Called to offer mercy
This theme of mercy when wrath is expected is specifically a Christian theme. Tolkien, a believer, re-introduces us to the idea that it is not for us to decide the fate of man. Instead, we are called to be a part of the ministry of reconciliation (2 Cor. 5:18). Like Gandalf suggests, we cannot foretell who will respond to the invitation. We are only called to offer mercy in those moments when we can.
In the tiny book of Philemon, we get to see this lived out most beautifully in an extremely difficult scenario. According to this letter penned by Paul, Philemon’s slave Onesimus has run away, most likely depriving him of a substantial amount of money. However, Onesimus encounters Paul and accepts the invitation of reconciliation. Now a believer, an opportunity has arisen for the church to demonstrate in action what has been claimed in word. How will Philemon respond to this former slave who is now his brother in Christ? Will he forgive the debt or will he exact the judgment that the law and, probably his conscience, demand?
Paul pleads on behalf of Onesimus, asking Philemon to forgive him and to release him for service to the Lord. This request is in direct contradiction of the cultural values of this time, both regarding the master-slave relationship and the laws of justice. The answer of Philemon is not recorded but history (and Paul’s brief reference to him in Col. 4:9) tells us that Philemon does indeed release him, and Onesimus goes on to serve as possibly the Bishop of Ephesus and future martyr.
Paul truly understands the need for unexpected mercy, having been the recipient of it himself. In the book of Acts his dramatic transformation is also recorded. A persecutor of the church, he encounters Jesus on the road to Damascus and is struck blind. Coming into the city, he is instructed to find Ananias who will heal him. Ananias is told in a vision to go to Saul (later renamed Paul), and Ananias is at first incredulous, reminding God of Saul’s plan of persecution.

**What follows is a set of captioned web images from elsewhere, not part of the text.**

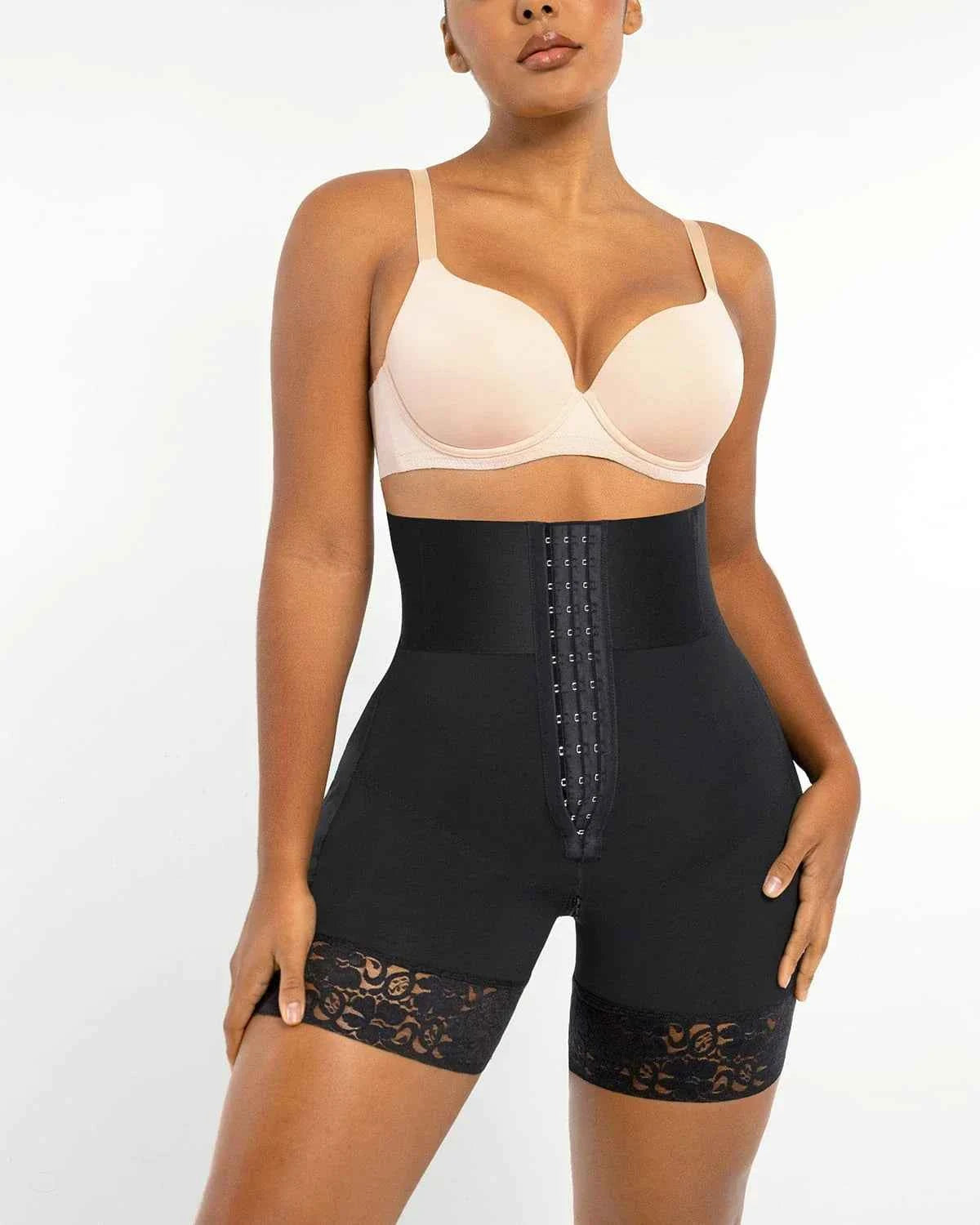 BOOT-YEAH™ Mini Shorts - Black Boned High-Waisted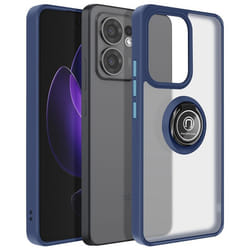 Coque Anneau - Oppo - Reno 13 F / 13 FS - Antichoc - Bague Magnétique - Dos Translucide Bleu Nuit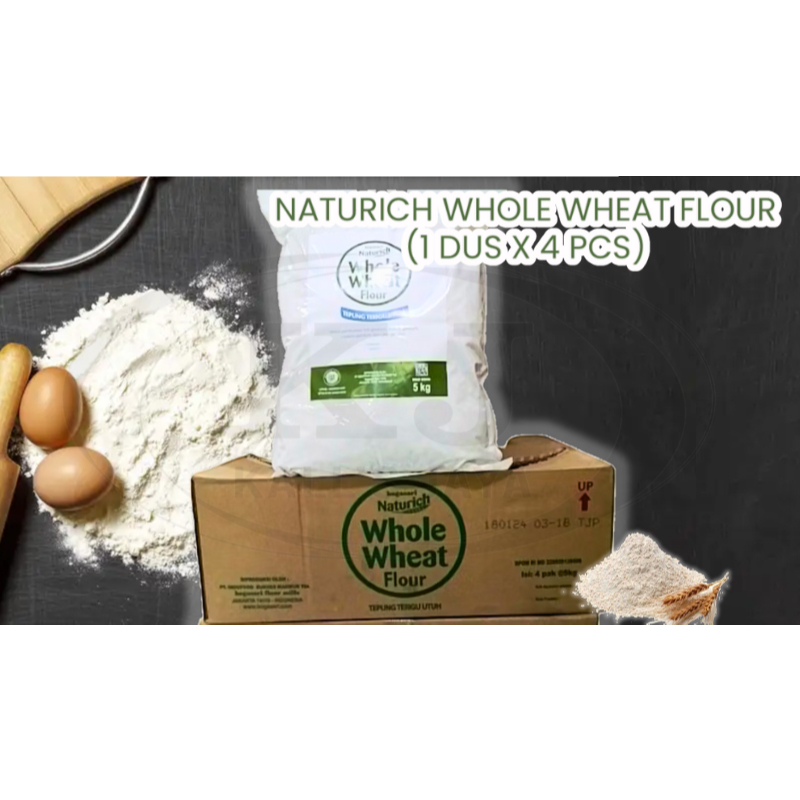 

NATURICH WHOLE WHEAT FLOUR / TEPUNG GANDUMM UTUH 5KG ( 1 DUS x 4 PCS)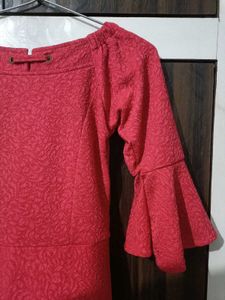 Red Midi Dress Bell Sleeves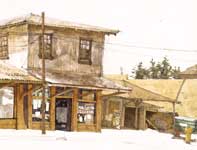 Painting by Eddie Flotte: Paia Dry Cleaner Row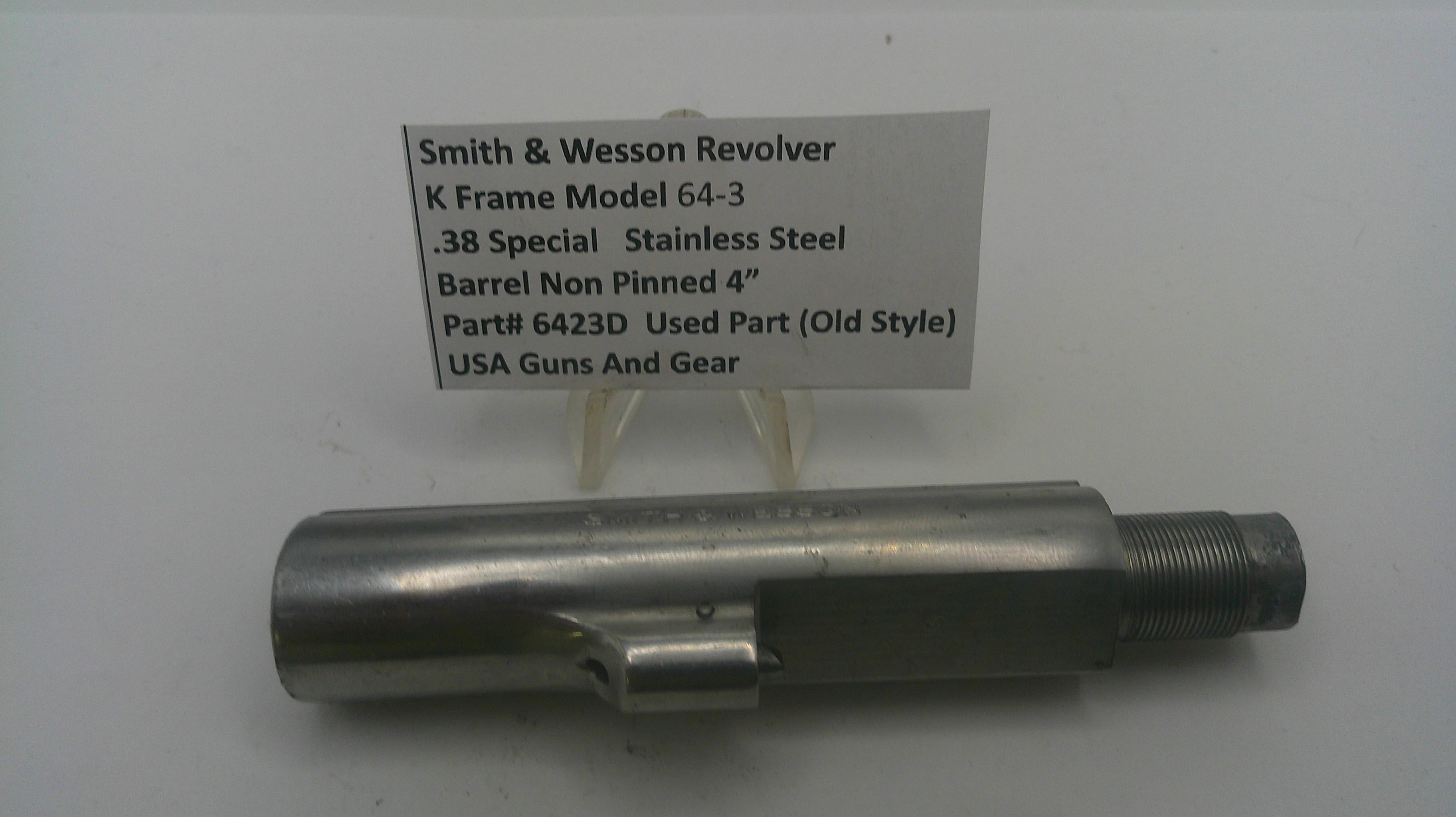 Smith & Wesson K Frame Model 64-3 Revolver 4" Barrel Non-Pinned Stainless Steel (Used) 6423D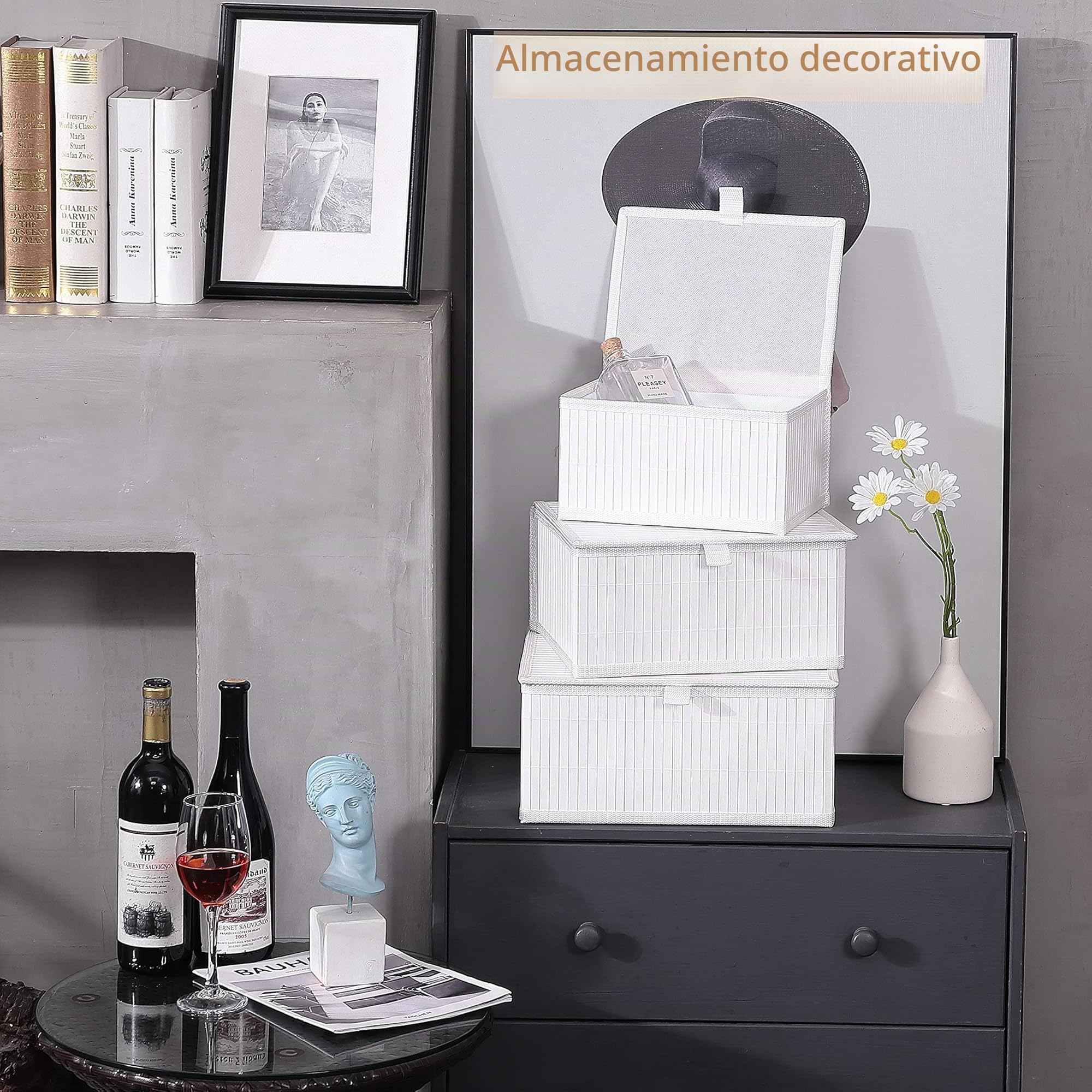 Honygebia Bambú Caja Almacenaje con Tapa - Set de 3 Cestos de Mimbre Decorativas con Forro, Almacenamiento Blanco para el Hogar, Organizadoras de Estantes de Cocina y Baño (Grande/Mediana/Pequeña)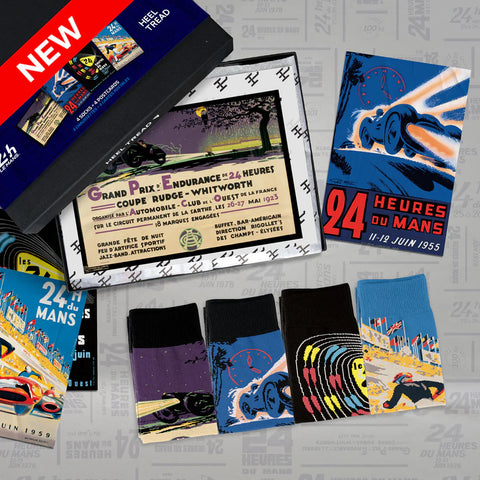 Collection of '24 Heures du Mans' themed socks and posters on a gray background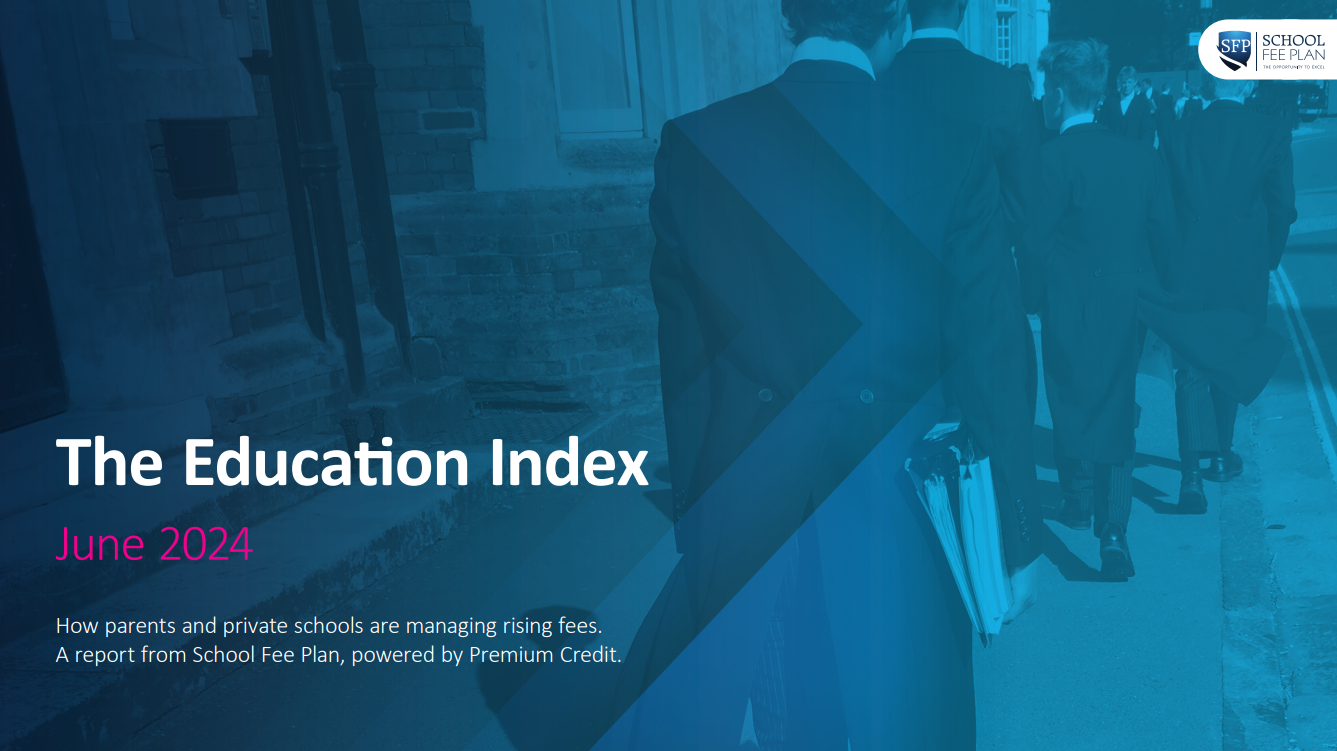 Education index 2024 blue image with children walking in a line
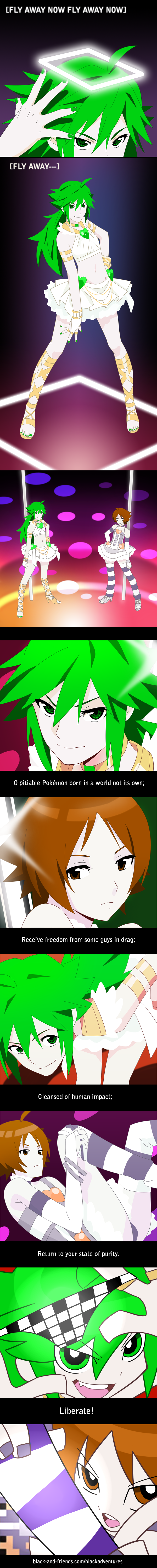 2boys, absurdres, artist_black, black-and-friends, brown_hair, crossdressing, crossdressing_(mtf), dress, green_hair, highres, hilbert_(pokemon), long_image, male_focus, multiple_boys, n_(pokemon), nintendo, panties, panty_&amp;_stocking_with_garterbelt, parody, pokemon, pokemon_black_and_white, tall_image, thighhighs, trap, underwear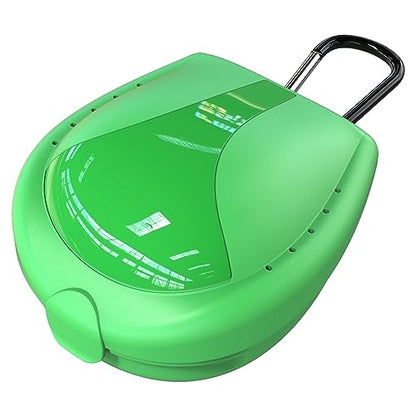 Mouthguard Case Sports, Specialized Football and Basketball Mouthguard Cases, Students, Adults and Seniors Universal Sports Green - color: Green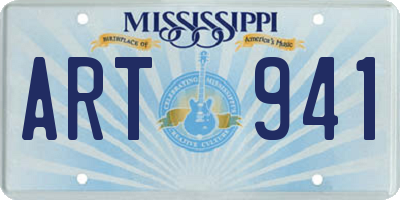 MS license plate ART941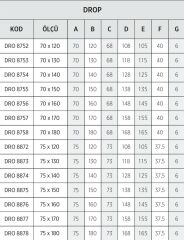 Shower 70x180 Drop Dikdörtgen Panelli Duş Teknesi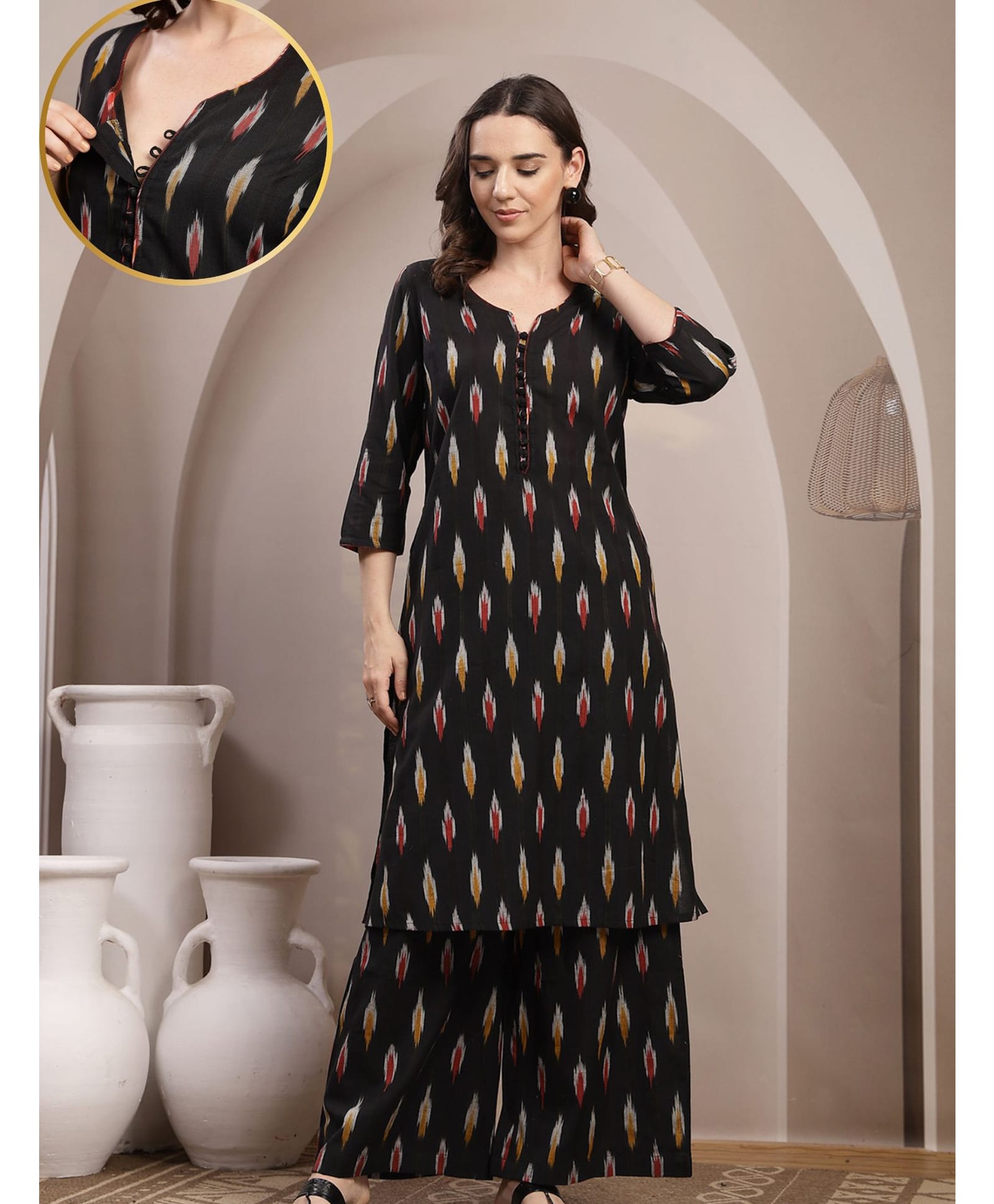 Zelena 100% Cotton Knit Three Fourth Sleeves Abstract Printed Coordinating Maternity Kurti With Front Open Nursing Access & Pant Set - Black-image-43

However, God responds with the imperative, “Go, for he is a chosen instrument of mine to carry my name before the Gentiles and kings and the children of Israel” (Acts 9:15). Ananias is obedient, and the world is impacted because of the contribution of Paul.
Offering what we ourselves receive
We too have an opportunity to proclaim this truth, and we do it best in how we interact with those we think most difficult to pity – the criminal, the brother or sister in Christ who has wronged us, the world that stands in judgment of us and our beliefs. The church’s response to the un-pitiable is perhaps our greatest witness.
However, this is not the only impact that pity makes in our lives. Just as Bilbo’s, and Frodo’s, mercy enables them to resist the corrupting power of the ring, the act of giving mercy is a protection for our own souls. Living as one who remembers he is forgiven enables us to offer what we ourselves receive, allowing us to act as a conduit of God’s grace. We offer it not to control the outcome of transformed lives but simply as an overflow of what we have received.
We can be encouraged that, as Bilbo, Frodo, Paul and Philemon came to understand, unexpected acts of mercy can have an impact beyond what we can foresee, both for the world and for ourselves.